Our understanding of the axiom of the included middle —
there exists a third term T which is at the same time A and non-A — is completely clarified once the notion of "levels of Reality" is introduced.
In order to obtain a clear image of the meaning of the included middle, we can represent the three terms of the new logic — A, non-A, and T — and the dynamics associated with them by a triangle in which one of the vertices is situated at one level of Reality and the two other vertices at another level of Reality. If one remains at a single level of Reality, all manifestation appears as a struggle between two contradictory elements (example : wave A and corpuscle non-A). The third dynamic, that of the T-state, is exercised at another level of Reality, where that which appears to be disunited (wave or corpuscle) is in fact united (quanton), and that which appears contradictory is perceived as non-contradictory.
It is the projection of T on one and the same level of Reality which produces the appearance of mutually exclusive, antagonistic pairs (A and non-A). A single level of Reality can only create antagonistic oppositions. It is inherently
self-destructive if it is completely separated from all the other levels of Reality. A third term, let us call it T0, which is situated on the same level of Reality as that of the opposites A and non-A, can not accomplish their reconciliation.
The T-term is the key in understanding indeterminacy : being situated on a different level of Reality than A and non-A, it necessarily induces an
influence of its own level of Reality upon its neighbouring and different level of Reality :
the laws of a given level are not self-sufficient to describe the phenomena occuring at the respective level.
The entire difference between a triad of the included middle and an Hegelian triad is clarified by consideration of the role of
time.
In a triad of the included middle the three terms coexist at the same moment in time. On the contrary, each of the three terms of the Hegelian triad succeeds the former in time. This is why the Hegelian triad is incapable of accomplishing the reconciliation of opposites, whereas the triad of the included middle is capable of it. In the logic of the included middle the opposites are rather
contradictories : the tension between contradictories builds a unity which includes and goes beyond the sum of the two terms. The Hegelian triad would never explain the nature of indeterminacy.
One also sees the great dangers of misunderstanding engendered by the common enough confusion made between the axiom of the excluded middle and the axiom of non-contradiction . The logic of the included middle is non-contradictory in the sense that the axiom of non-contradiction is thoroughly respected, a condition which enlarges the notions of "true" and "false" in such a way that the rules of logical implication no longer concerning two terms (A and non-A) but three terms (A, non-A and T), co-existing at the same moment in time. This is a formal logic, just as any other formal logic : its rules are derived by means of a relatively simple mathematical formalism.
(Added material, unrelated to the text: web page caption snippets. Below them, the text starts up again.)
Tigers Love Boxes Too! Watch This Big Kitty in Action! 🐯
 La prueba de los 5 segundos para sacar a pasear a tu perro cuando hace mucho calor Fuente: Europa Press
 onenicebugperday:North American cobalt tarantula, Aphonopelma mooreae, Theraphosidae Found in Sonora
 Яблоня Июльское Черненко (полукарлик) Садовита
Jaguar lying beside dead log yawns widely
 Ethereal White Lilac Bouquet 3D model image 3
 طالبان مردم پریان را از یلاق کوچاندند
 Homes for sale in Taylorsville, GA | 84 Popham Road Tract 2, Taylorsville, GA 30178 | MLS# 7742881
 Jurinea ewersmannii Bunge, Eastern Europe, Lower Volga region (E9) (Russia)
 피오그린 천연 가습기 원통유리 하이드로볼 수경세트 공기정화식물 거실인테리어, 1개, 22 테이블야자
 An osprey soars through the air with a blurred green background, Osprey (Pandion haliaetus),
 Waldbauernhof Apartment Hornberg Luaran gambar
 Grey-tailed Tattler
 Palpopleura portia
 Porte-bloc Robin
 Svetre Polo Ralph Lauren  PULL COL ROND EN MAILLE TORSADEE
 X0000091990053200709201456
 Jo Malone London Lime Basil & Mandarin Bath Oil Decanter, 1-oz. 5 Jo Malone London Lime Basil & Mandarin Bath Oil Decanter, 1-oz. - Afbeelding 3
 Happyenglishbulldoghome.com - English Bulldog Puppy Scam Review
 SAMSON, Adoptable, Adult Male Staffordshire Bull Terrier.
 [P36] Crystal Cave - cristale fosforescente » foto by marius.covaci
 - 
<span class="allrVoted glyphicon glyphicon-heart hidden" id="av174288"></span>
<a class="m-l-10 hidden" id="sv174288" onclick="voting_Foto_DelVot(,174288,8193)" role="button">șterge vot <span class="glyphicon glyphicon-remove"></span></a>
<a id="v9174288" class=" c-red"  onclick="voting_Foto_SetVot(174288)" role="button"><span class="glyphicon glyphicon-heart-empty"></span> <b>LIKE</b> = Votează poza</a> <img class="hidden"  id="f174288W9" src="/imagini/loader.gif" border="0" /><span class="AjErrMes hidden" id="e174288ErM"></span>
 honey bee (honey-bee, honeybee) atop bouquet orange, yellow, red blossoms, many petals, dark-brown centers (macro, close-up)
One can see why the logic of the included middle is not simply a metaphor, like some kind of arbitrary ornament for classical logic, which would permit adventurous incursions into the domain of complexity.
The logic of the included middle is the privileged logic of complexity, privileged in the sense that it allows us to cross the different areas of knowledge in a coherent way, by enabling a new kind of simplicity. The logic of the included middle does not abolish the logic of the excluded middle : it only constrains its sphere of validity. The logic of the excluded middle is certainly valid for relatively simple situations. On the contrary, the logic of the excluded middle is harmful in complex, transdisciplinary cases. For me, the problem of indeterminacy is precisely belonging to this class of cases.